■ **Description of the task**: Write out word for word the lines from the one holding "Nelly - Hvit - Frill Dream Top" through the end of the data, and only those lines. Pictures stay out.

■ **Dataset section**:
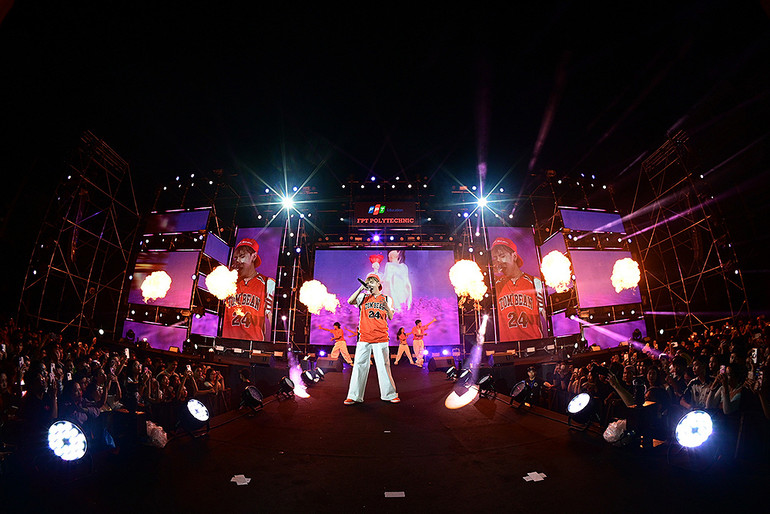 Không khí sôi động tại đêm nhạc hội.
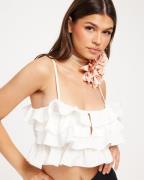 Nelly - Hvit - Frill Dream Top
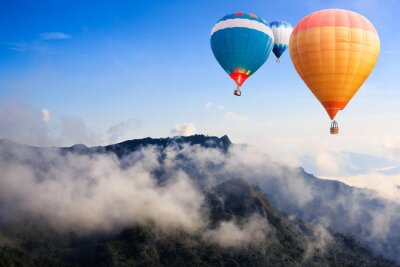 Montgolfières colorées survolant la montagne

■ **Your solution**:
 Nelly - Hvit - Frill Dream Top
 Montgolfières colorées survolant la montagne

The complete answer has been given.